You want it bad. You don’t want to wait, you want it now. You dream about it every night; just the thought of it makes you giddy. It’s perfect and is exactly what you’ve been wanting for such a long time. Certainly the time is right to go buy it, isn’t it? But wait… will he agree? Does he still see it as frivolous, unnecessary and too expensive? He keeps saying it’s not in our budget and no, the time is not right. Why, oh why, can’t we agree on how to spend our money?
Does this sound familiar? Maybe you are the one who doesn’t want to spend the money and your partner has something he wants to buy? No matter which way it goes, there are many things in life between couples where one wants to spend and the other disagrees. Either the timing is wrong, the thing isn’t what they wish to spend upon or they simply hate spending money even on necessary or valuable things. It seems a common story in life how we partner with our opposites… one wants to save, the other wants to spend.

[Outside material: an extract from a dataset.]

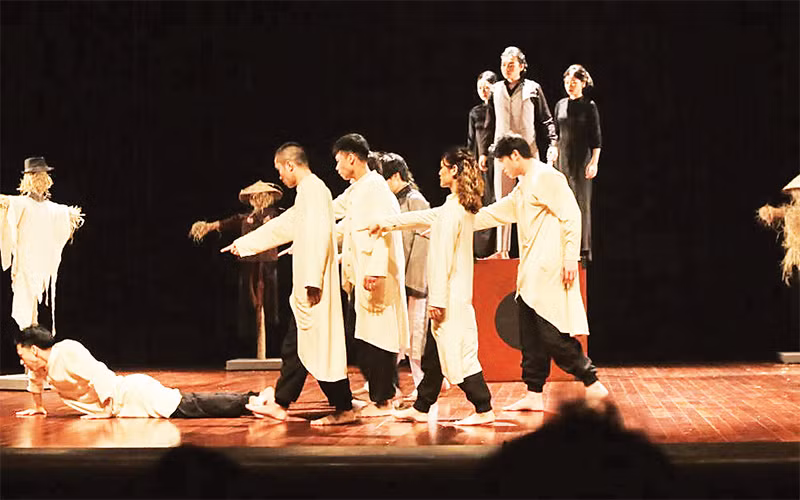 Cảnh trong vở Ê-đíp làm vua của sinh viên Trường đại học Sân khấu - Ðiện ảnh Hà Nội.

But is it really that simple? Although it might appear that way as you are butting heads with your loved one, it seems they are always against what you want to do. But yet, it really isn’t that simple. We each are a mixture of money beliefs and styles, not just one. Although we are usually more dominant in one than another.
Defined below are five basic money styles… keep in mind that none of us are only one style; we human beings are complex and multi-layered. We may totally tighten up in one area of our life and spend freely in another. For example, I tend to be a total tightwad when it comes to spending on cars but let me loose in a home goods store where, if I’m not careful, I could break the bank!
So, what are those money styles and beliefs anyway? And what do you do if your style is drastically different from your husbands?
- Builder – You are happiest when you have large amounts of money to spend, save or invest. You tend to equate your self worth with your net worth and the lack of money makes you feel like a failure or even deeply depressed. You prefer to make your own financial decisions and be in control of your money. You may be a bit of a control freak or worrier.
- Sidestepper – You tend to avoid dealing with money altogether. You don’t know how much money you have, owe or how much you spend. You tend to feel incompetent, inadequate or overwhelmed by money, often feeling anxious or paralyzed when you have to make decisions around it. You are happiest just enjoying the moment, the event or the thing and don’t wish to cloud it with managing and thinking about money.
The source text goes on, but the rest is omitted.